#### [The problem]
In the answer, give the entries below exactly, from the first line through the line with "Check if the", with every picture omitted.
##### Information supplied
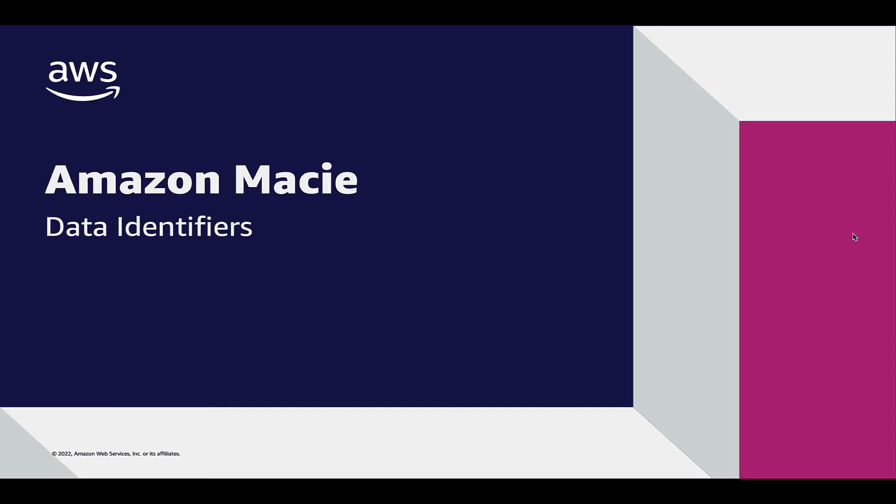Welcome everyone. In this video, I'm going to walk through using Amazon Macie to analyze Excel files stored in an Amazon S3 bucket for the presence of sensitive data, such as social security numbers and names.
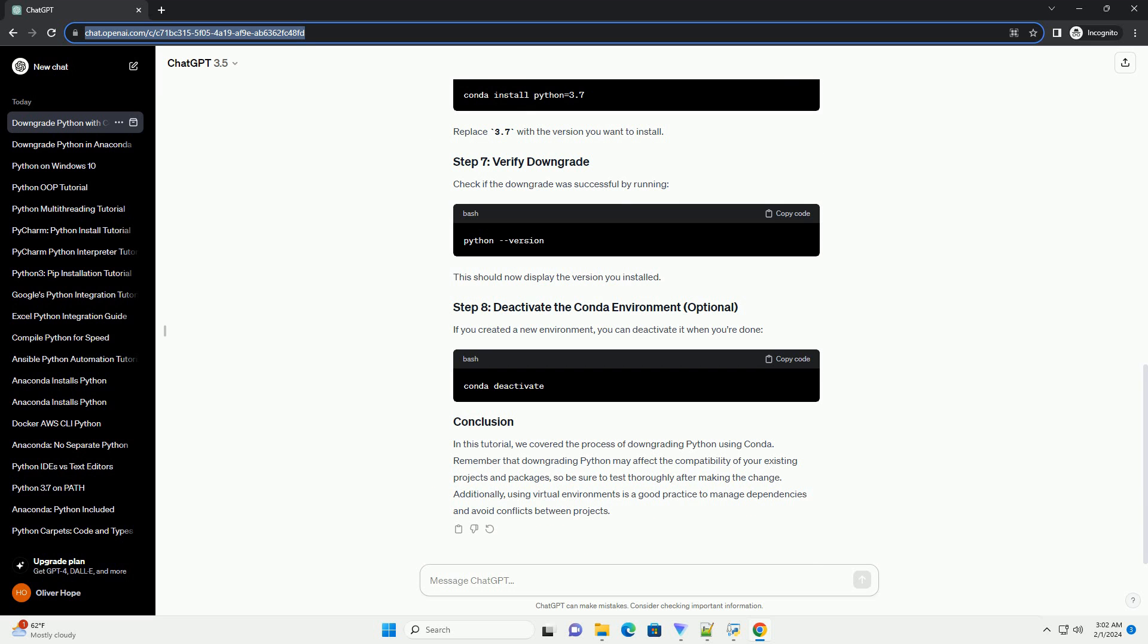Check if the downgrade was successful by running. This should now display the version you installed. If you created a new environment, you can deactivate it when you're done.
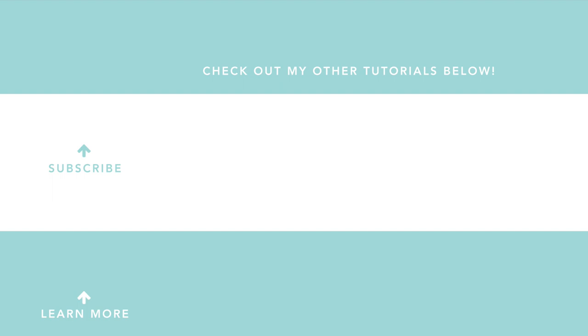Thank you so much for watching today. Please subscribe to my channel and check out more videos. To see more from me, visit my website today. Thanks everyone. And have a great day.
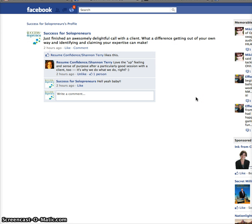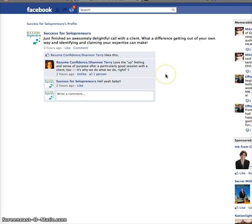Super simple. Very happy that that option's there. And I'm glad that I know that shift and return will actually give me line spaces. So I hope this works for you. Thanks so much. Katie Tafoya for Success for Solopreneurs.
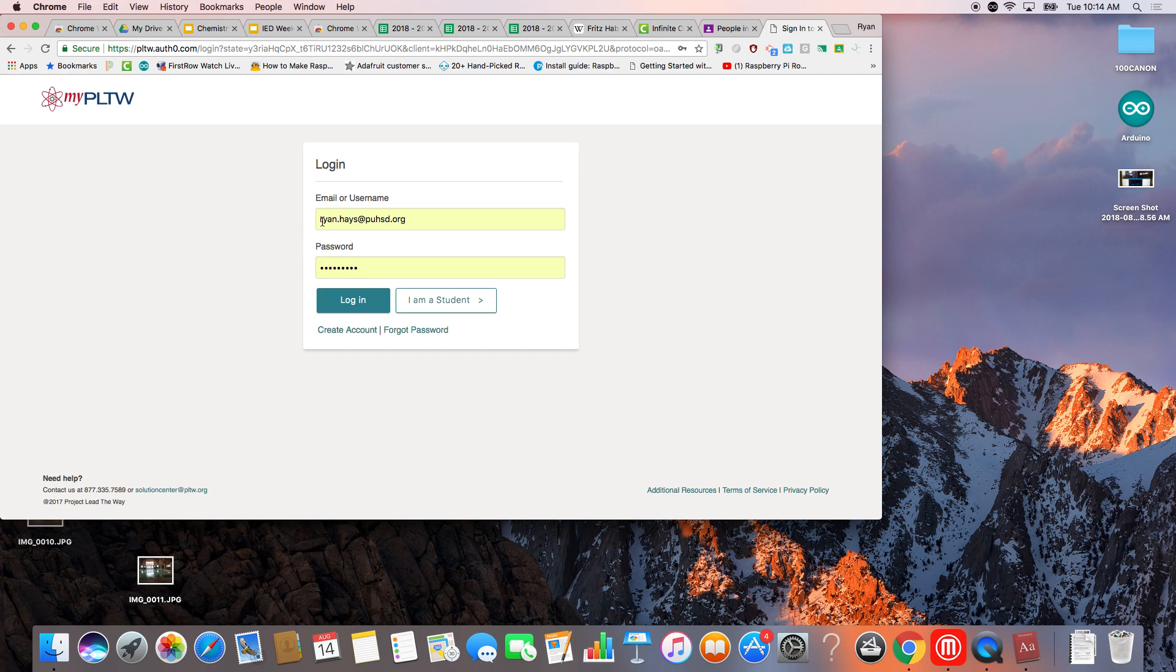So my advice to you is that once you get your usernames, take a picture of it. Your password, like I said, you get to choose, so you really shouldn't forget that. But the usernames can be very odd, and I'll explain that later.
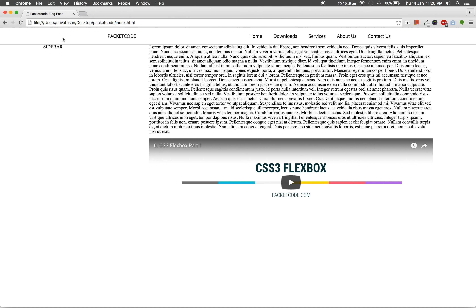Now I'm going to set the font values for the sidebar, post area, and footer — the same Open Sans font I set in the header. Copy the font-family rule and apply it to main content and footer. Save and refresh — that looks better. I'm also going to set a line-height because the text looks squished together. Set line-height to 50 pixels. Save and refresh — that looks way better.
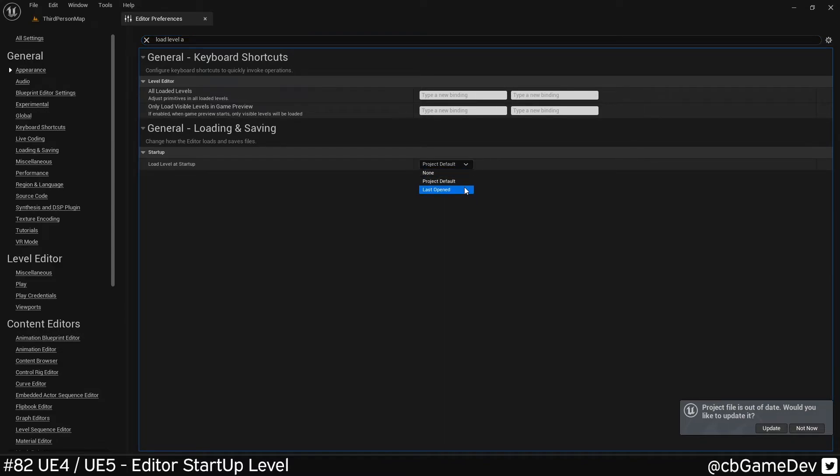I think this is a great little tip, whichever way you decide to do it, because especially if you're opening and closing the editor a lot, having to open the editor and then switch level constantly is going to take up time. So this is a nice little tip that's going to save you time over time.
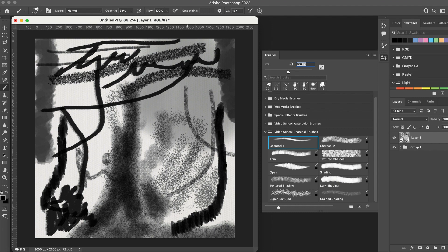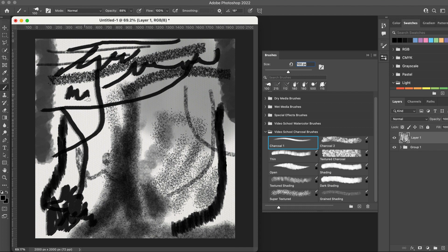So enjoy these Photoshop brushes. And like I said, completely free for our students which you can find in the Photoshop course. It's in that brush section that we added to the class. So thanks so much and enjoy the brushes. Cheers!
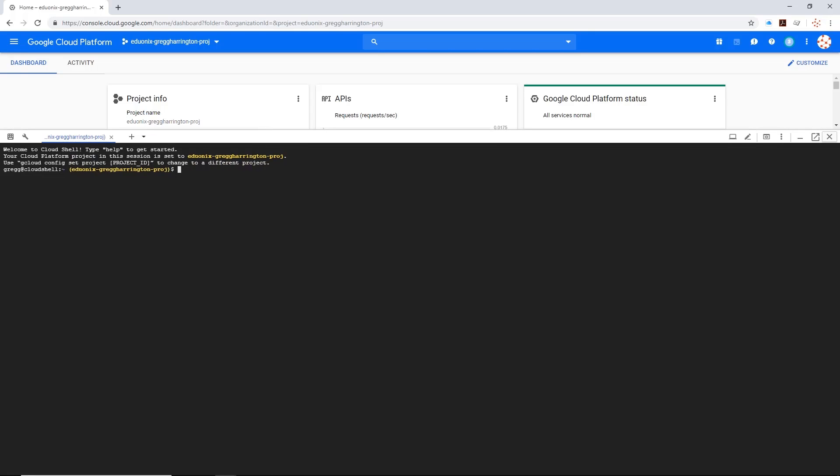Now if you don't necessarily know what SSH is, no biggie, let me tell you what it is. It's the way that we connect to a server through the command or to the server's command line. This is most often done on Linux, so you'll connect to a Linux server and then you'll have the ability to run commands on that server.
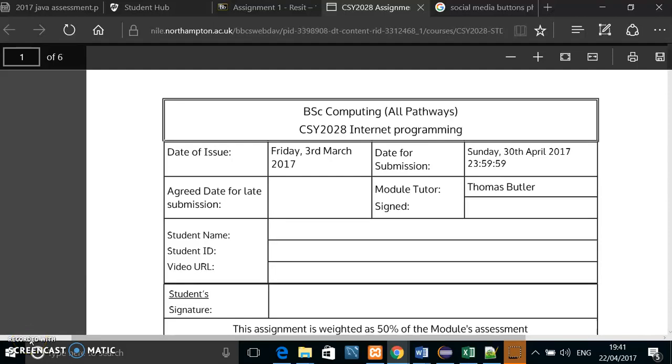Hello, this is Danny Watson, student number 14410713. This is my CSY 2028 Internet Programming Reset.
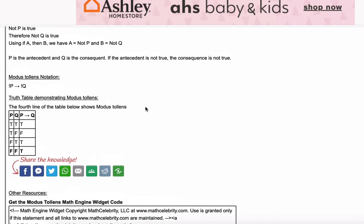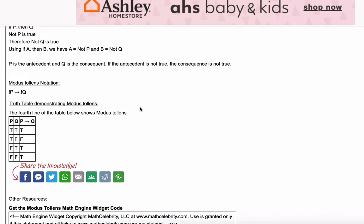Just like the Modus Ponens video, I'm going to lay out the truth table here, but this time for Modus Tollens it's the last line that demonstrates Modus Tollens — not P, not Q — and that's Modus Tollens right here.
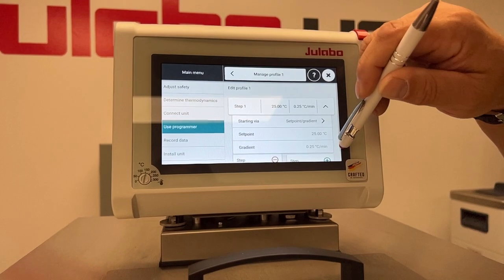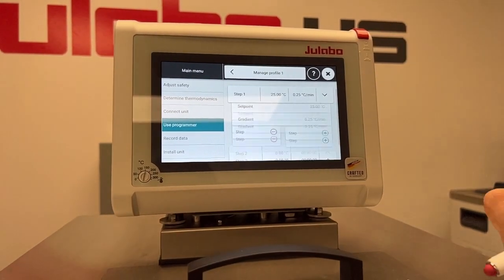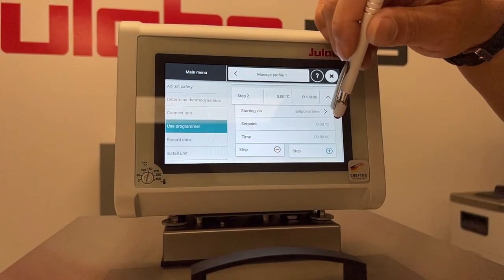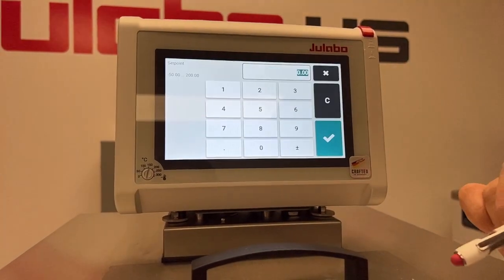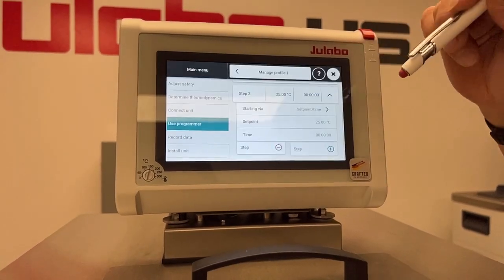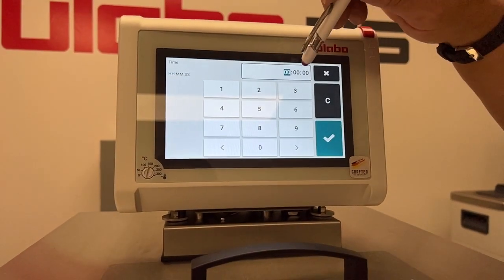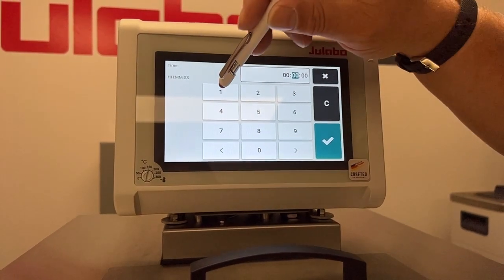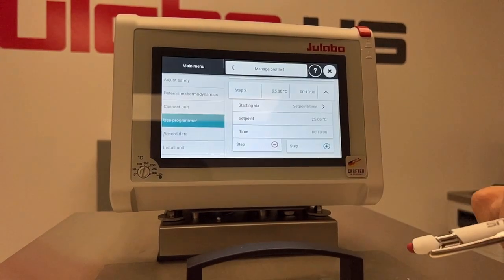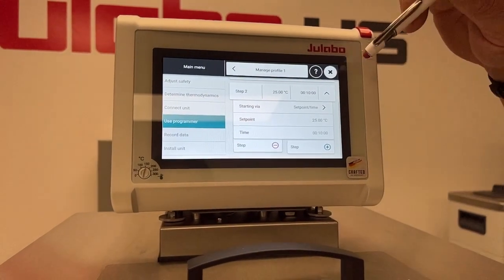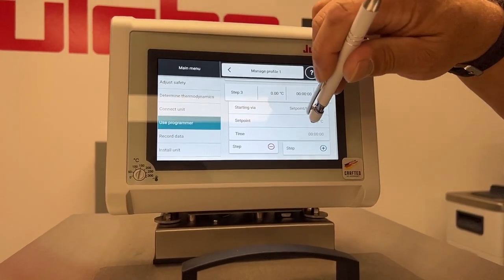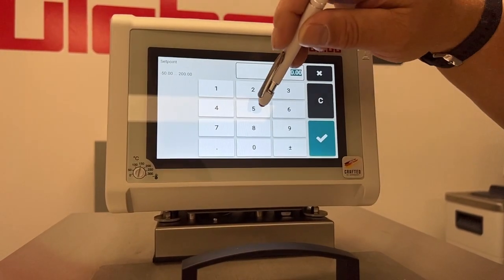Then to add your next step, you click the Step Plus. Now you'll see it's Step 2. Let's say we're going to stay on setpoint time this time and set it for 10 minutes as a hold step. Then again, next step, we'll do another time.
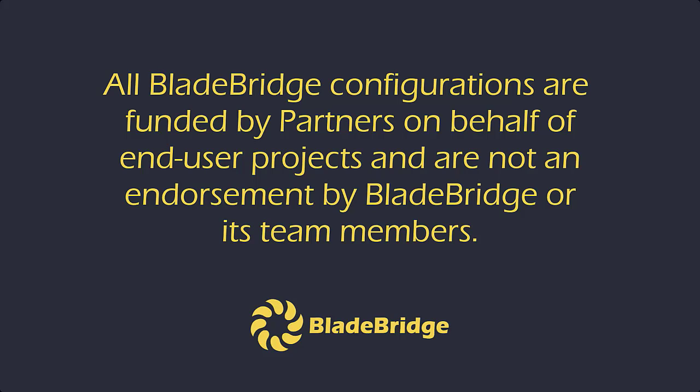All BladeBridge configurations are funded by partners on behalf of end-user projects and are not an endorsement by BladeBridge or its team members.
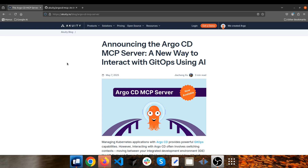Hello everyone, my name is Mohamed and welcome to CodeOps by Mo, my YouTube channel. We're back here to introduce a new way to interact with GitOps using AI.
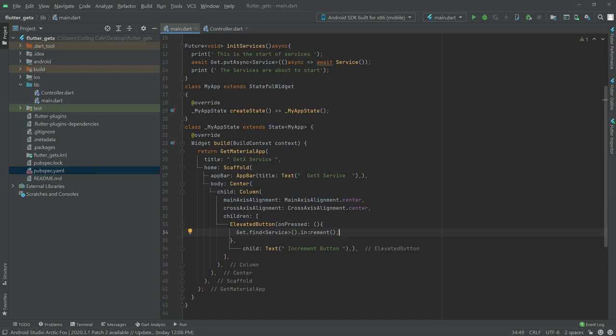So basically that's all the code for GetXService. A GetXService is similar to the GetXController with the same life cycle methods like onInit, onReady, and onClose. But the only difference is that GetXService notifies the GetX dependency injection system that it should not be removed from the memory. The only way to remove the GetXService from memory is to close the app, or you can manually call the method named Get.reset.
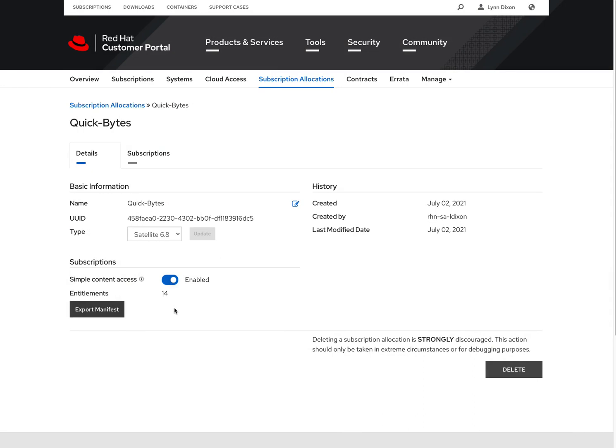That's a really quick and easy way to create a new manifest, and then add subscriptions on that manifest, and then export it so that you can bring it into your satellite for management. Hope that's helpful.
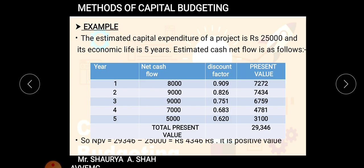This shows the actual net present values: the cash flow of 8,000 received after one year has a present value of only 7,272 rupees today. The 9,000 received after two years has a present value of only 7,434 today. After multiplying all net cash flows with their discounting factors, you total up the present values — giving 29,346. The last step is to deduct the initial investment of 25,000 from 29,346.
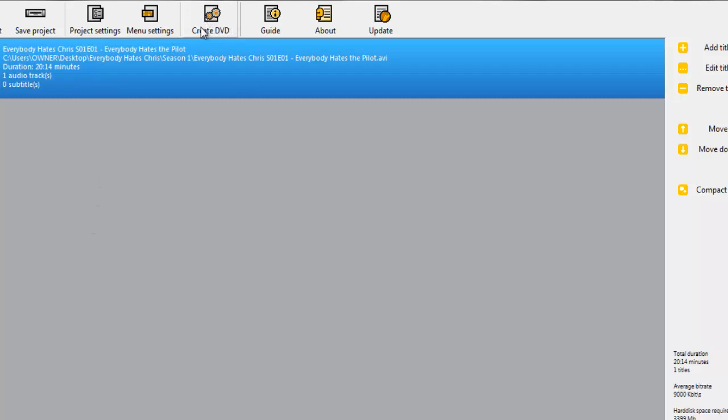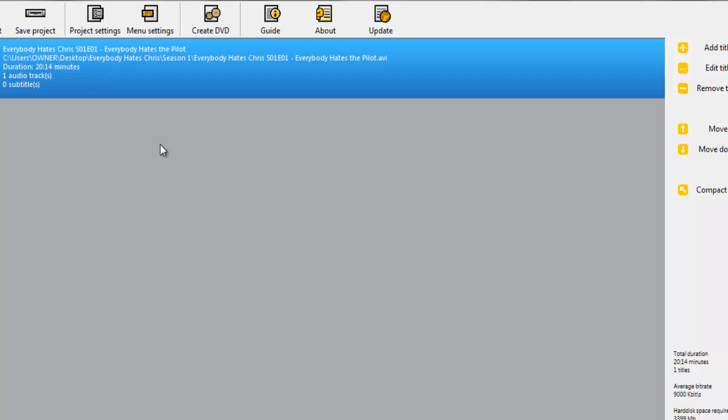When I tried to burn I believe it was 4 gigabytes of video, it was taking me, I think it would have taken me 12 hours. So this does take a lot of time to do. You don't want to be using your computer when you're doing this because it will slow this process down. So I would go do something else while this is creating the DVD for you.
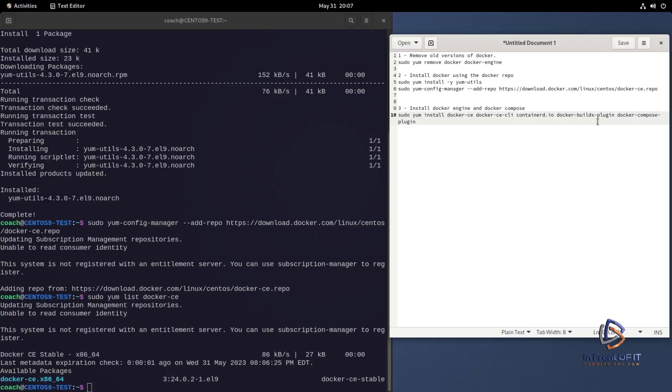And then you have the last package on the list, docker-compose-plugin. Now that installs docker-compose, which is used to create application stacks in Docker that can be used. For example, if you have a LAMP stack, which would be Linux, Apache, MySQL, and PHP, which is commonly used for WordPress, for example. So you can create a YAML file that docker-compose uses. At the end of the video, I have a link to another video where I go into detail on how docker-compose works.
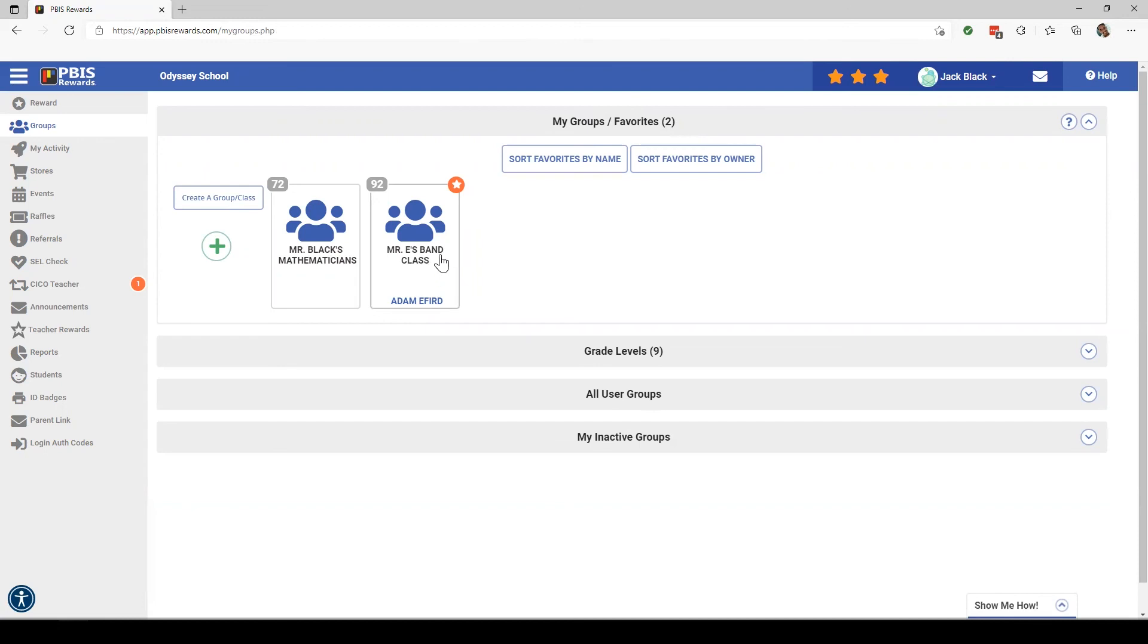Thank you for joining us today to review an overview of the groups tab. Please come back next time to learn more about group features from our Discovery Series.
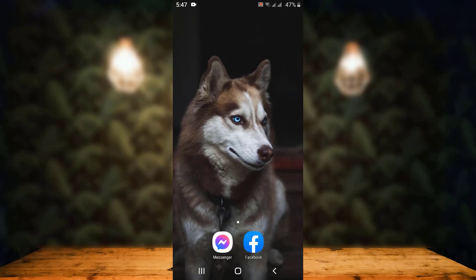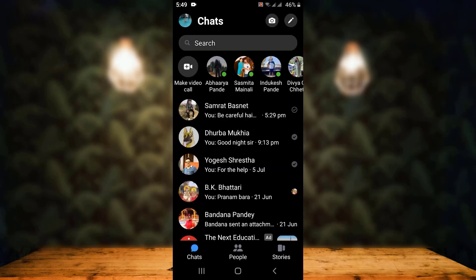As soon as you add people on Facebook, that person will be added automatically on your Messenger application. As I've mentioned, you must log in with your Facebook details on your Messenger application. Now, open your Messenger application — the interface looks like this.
##########
#### [Your solution]
Welcome everyone. In this video, I'm going to walk through using Amazon Macie to analyze Excel files stored in an Amazon S3 bucket for the presence of sensitive data, such as social security numbers and names.
Check if the downgrade was successful by running. This should now display the version you installed. If you created a new environment, you can deactivate it when you're done.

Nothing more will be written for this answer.